Concentrated ambient particles alter myocardial blood flow during acute ischemia in conscious canines

Abstract

Background: Experimental and observational studies have demonstrated that short-term exposure to ambient particulate matter (PM) exacerbates myocardial ischemia.

Objectives: We conducted this study to investigate the effects of concentrated ambient particles (CAPs) on myocardial blood flow during myocardial ischemia in chronically instrumented conscious canines.

Methods: Eleven canines were instrumented with a balloon occluder around the left anterior descending coronary artery and catheters for determination of myocardial blood flow using fluorescent microspheres. Telemetric electrocardiographic and blood pressure monitoring was available for four of these animals.
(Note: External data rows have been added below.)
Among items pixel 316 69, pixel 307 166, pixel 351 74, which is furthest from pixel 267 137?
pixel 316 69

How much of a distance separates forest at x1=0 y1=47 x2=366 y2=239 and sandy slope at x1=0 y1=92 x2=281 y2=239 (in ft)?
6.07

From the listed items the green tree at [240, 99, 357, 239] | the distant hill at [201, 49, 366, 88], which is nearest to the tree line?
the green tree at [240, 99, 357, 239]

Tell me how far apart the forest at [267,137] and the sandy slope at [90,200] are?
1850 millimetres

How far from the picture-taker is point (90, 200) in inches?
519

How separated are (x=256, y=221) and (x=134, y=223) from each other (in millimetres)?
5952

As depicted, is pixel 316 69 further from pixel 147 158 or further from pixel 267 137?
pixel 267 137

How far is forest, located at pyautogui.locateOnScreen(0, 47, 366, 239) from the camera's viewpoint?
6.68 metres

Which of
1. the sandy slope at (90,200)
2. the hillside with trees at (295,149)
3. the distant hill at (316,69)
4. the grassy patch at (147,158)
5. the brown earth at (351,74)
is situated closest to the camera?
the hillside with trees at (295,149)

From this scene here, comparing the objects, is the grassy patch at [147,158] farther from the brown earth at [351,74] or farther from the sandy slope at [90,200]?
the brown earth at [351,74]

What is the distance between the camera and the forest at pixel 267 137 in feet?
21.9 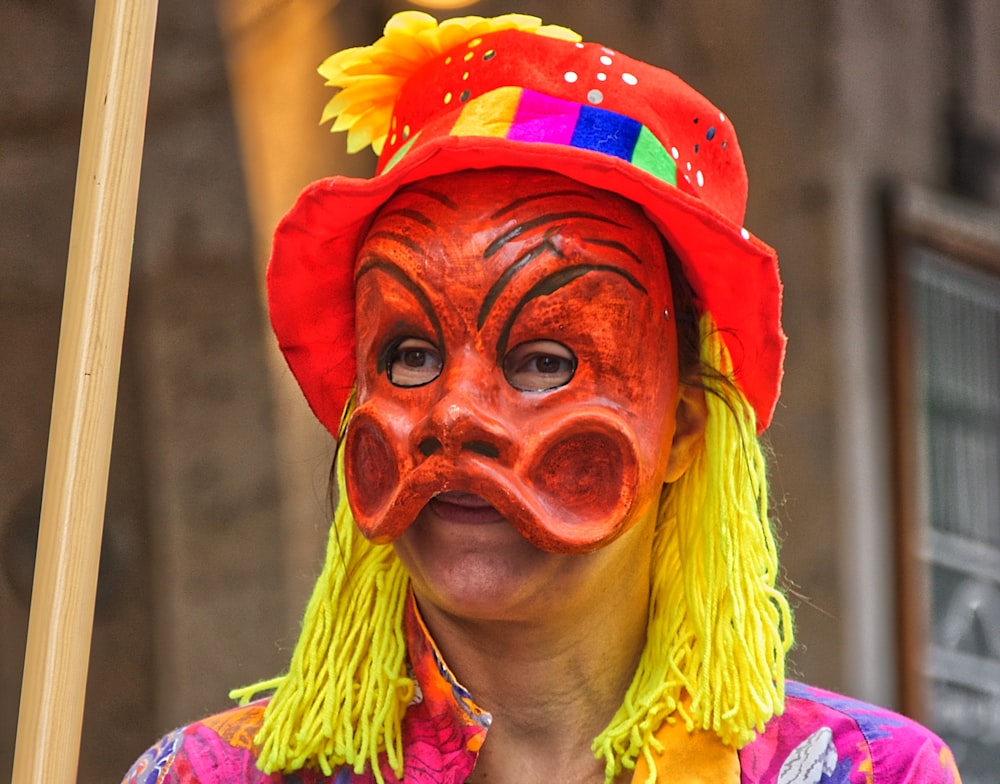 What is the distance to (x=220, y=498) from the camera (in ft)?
11.0

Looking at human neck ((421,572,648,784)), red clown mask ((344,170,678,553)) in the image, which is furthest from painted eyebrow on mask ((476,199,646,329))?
human neck ((421,572,648,784))

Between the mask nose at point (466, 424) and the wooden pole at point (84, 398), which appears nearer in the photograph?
the wooden pole at point (84, 398)

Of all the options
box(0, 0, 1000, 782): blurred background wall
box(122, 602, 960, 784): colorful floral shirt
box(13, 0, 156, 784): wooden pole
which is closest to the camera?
box(13, 0, 156, 784): wooden pole

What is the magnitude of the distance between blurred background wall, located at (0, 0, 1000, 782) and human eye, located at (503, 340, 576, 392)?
4.46 feet

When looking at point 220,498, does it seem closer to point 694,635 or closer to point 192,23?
point 192,23

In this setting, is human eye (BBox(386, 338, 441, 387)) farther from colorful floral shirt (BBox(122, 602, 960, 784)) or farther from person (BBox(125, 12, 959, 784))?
colorful floral shirt (BBox(122, 602, 960, 784))

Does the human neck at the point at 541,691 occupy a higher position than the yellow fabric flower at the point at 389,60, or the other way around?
the yellow fabric flower at the point at 389,60

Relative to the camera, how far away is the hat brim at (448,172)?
1541 mm

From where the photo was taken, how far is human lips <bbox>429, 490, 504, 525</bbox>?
5.07 ft

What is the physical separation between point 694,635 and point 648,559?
91mm

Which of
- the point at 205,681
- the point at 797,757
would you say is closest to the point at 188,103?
the point at 205,681

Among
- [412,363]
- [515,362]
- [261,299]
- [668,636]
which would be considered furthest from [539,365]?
[261,299]

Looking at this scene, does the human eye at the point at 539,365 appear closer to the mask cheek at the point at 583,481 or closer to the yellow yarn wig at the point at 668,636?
the mask cheek at the point at 583,481

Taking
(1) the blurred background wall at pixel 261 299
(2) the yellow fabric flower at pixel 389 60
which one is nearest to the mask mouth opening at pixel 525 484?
(2) the yellow fabric flower at pixel 389 60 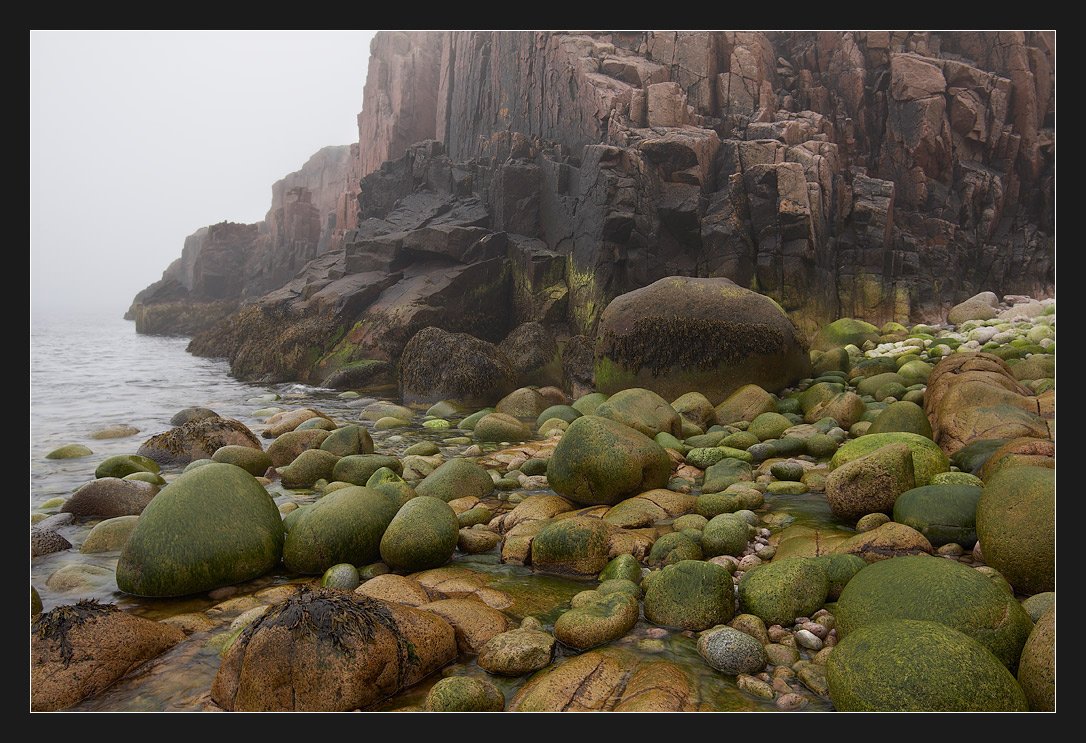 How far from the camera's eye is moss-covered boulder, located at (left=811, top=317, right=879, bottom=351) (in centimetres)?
1189

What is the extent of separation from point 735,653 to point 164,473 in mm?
5433

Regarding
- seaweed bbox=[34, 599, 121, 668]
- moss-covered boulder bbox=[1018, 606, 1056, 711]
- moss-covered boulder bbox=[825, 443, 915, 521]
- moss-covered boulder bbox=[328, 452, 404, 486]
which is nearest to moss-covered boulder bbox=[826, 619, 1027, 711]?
moss-covered boulder bbox=[1018, 606, 1056, 711]

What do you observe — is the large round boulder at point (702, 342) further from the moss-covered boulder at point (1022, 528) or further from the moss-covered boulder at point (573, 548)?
the moss-covered boulder at point (1022, 528)

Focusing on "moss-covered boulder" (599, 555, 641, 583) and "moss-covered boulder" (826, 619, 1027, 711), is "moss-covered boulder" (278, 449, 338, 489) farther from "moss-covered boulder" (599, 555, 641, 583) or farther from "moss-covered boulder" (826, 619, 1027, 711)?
"moss-covered boulder" (826, 619, 1027, 711)

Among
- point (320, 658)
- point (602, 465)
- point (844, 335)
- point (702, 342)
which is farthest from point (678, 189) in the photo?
point (320, 658)

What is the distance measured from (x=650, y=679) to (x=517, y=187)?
13334 mm

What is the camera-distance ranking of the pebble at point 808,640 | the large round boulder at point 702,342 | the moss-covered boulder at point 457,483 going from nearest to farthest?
the pebble at point 808,640
the moss-covered boulder at point 457,483
the large round boulder at point 702,342

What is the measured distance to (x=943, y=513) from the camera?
12.1ft

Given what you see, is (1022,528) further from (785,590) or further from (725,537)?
(725,537)

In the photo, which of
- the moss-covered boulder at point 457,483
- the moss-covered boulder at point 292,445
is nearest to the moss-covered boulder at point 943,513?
the moss-covered boulder at point 457,483

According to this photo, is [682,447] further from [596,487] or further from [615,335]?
[615,335]

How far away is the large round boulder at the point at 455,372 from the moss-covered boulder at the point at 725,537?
22.2ft

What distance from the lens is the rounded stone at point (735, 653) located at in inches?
105

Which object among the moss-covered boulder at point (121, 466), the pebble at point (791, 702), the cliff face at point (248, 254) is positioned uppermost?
the cliff face at point (248, 254) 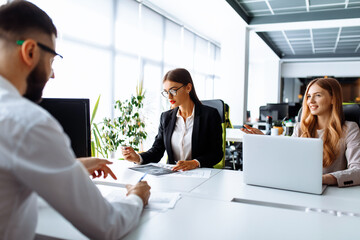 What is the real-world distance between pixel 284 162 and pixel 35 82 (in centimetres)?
122

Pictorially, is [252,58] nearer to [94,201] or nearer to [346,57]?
[346,57]

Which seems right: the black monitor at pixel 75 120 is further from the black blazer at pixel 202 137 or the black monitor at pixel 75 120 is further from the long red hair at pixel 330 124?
the long red hair at pixel 330 124

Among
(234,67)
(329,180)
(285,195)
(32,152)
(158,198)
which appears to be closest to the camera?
(32,152)

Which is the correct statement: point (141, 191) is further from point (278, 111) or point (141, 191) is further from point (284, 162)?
point (278, 111)

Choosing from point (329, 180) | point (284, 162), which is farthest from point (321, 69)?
point (284, 162)

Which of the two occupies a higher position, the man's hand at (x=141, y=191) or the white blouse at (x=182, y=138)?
the white blouse at (x=182, y=138)

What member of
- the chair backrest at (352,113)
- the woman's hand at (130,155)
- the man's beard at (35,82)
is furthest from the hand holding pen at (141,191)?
the chair backrest at (352,113)

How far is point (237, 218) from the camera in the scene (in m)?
1.20

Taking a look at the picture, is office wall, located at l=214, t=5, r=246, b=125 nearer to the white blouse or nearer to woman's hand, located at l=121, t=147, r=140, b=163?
the white blouse

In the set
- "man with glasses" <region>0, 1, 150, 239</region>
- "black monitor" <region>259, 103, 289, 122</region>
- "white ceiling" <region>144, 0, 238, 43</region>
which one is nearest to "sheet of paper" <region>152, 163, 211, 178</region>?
"man with glasses" <region>0, 1, 150, 239</region>

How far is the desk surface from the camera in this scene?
1.06 metres

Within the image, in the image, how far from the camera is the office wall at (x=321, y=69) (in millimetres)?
11562

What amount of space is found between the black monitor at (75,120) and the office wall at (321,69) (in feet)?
39.1

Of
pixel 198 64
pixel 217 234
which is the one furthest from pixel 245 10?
pixel 217 234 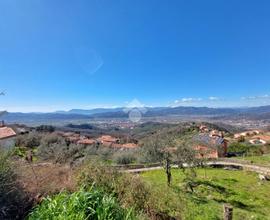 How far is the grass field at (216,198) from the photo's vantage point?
327 inches

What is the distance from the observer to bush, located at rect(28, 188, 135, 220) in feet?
17.4

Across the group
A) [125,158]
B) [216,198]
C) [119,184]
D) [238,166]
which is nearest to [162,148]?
[216,198]

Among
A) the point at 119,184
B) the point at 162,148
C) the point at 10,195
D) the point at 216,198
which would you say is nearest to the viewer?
the point at 10,195

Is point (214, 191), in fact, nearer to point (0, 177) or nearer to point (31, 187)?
point (31, 187)

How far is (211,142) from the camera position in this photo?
155 ft

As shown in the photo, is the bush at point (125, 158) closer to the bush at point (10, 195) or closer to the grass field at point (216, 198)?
the grass field at point (216, 198)

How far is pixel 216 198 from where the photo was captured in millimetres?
16734

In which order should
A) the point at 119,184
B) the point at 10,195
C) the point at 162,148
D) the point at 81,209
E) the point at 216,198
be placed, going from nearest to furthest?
the point at 81,209 < the point at 10,195 < the point at 119,184 < the point at 216,198 < the point at 162,148

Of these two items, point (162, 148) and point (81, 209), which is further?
point (162, 148)

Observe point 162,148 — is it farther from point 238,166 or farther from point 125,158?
point 238,166

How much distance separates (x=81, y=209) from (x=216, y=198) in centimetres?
1298

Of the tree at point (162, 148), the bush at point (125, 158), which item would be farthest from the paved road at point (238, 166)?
the tree at point (162, 148)

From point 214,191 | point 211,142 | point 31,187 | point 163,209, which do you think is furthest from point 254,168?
point 31,187

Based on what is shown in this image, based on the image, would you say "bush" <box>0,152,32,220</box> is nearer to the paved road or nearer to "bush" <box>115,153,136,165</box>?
the paved road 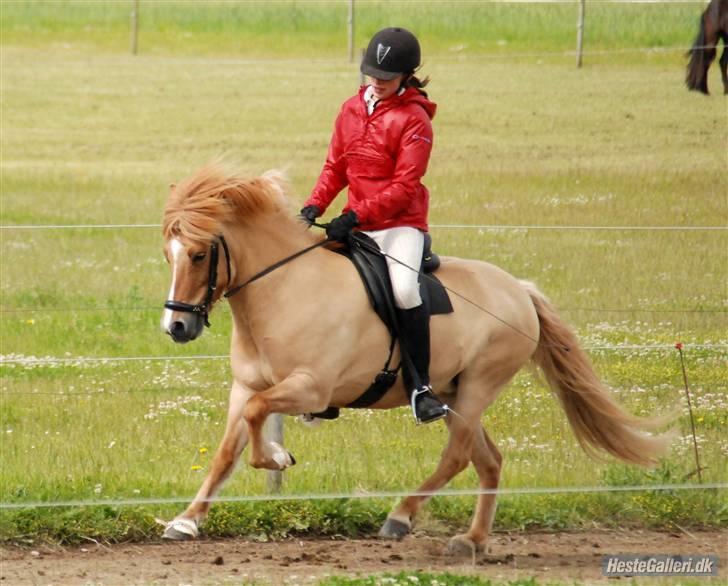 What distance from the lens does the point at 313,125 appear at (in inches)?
897

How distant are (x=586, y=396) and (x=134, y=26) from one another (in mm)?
20747

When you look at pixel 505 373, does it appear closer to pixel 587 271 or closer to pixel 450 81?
pixel 587 271

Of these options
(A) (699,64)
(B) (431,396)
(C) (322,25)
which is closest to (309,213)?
(B) (431,396)

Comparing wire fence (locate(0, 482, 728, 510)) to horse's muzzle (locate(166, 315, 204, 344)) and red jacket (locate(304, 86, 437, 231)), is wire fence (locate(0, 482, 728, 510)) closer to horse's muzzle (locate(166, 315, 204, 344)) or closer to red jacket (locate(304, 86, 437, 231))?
horse's muzzle (locate(166, 315, 204, 344))

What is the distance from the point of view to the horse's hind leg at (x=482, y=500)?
7039 mm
After recovery, we exposed animals by inhalation to 5 hr of either filtered air or CAPs (mean concentration+/-SD, 349.0+/-282.6 microg/m3) in a crossover protocol. We determined myocardial blood flow during a 5-min coronary artery occlusion immediately after each exposure. Data were analyzed using mixed models for repeated measures. The primary analysis was based on four canines that completed the protocol.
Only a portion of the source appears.